** INFORMATION SHOWN follows **
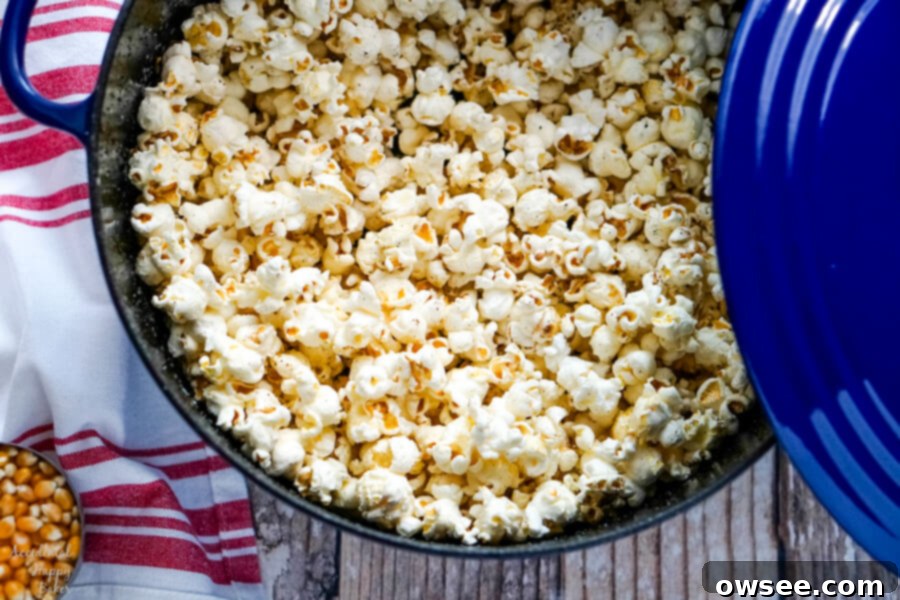 A vibrant blue Dutch oven overflowing with a generous amount of freshly popped golden popcorn, perfectly fluffy and inviting.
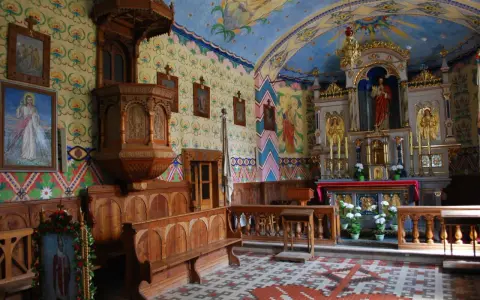 Wnętrze kościoła w Bukowinie Tatrzańskiej. Drewniana ambona, ławy i ołtarz zdobią kolorowe malowidła.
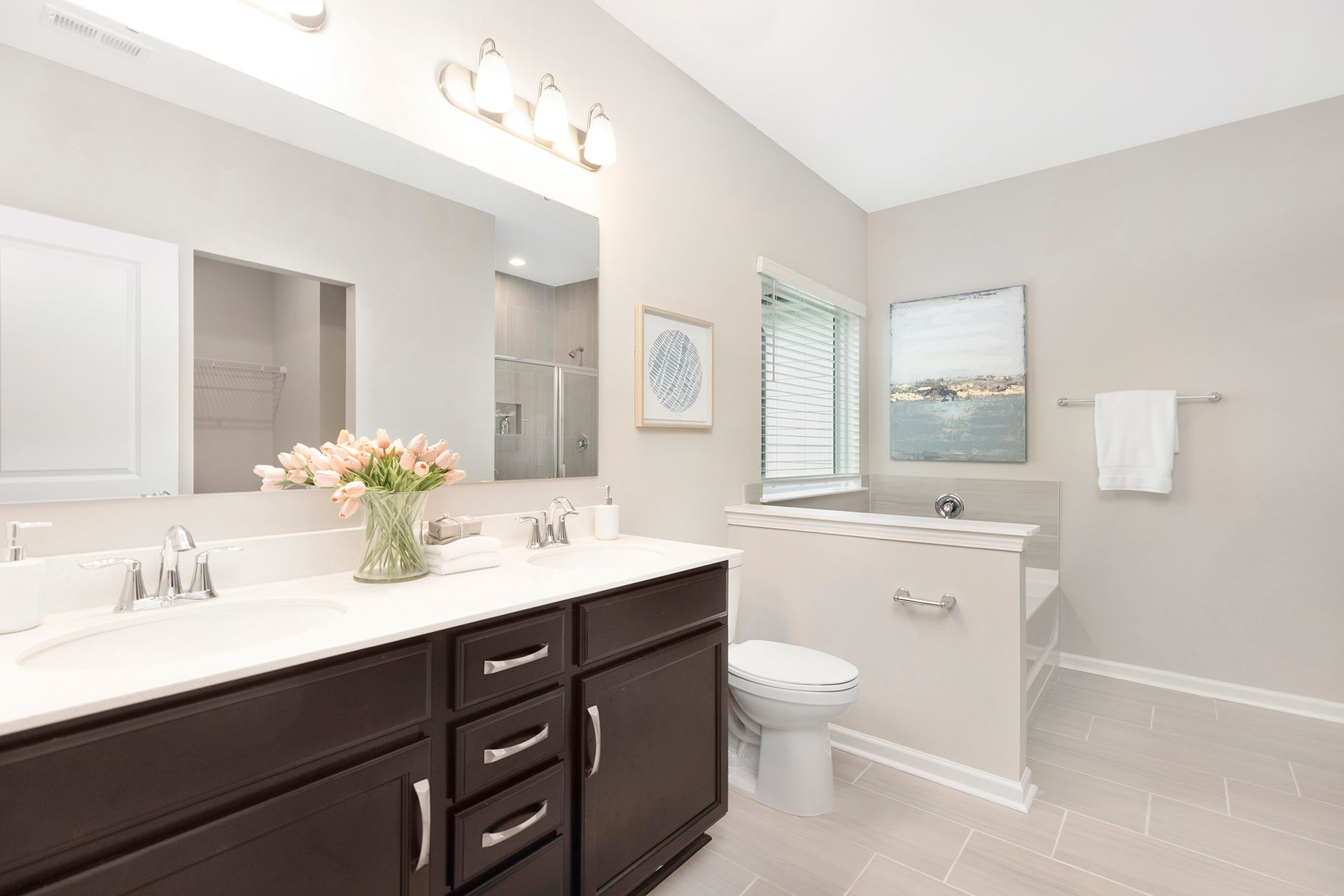 A bathroom with two sinks , a toilet , and a large mirror.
** End of INFORMATION SHOWN **
Could you print the material above word for word and skip the images?

 A vibrant blue Dutch oven overflowing with a generous amount of freshly popped golden popcorn, perfectly fluffy and inviting.
 Wnętrze kościoła w Bukowinie Tatrzańskiej. Drewniana ambona, ławy i ołtarz zdobią kolorowe malowidła.
 A bathroom with two sinks , a toilet , and a large mirror.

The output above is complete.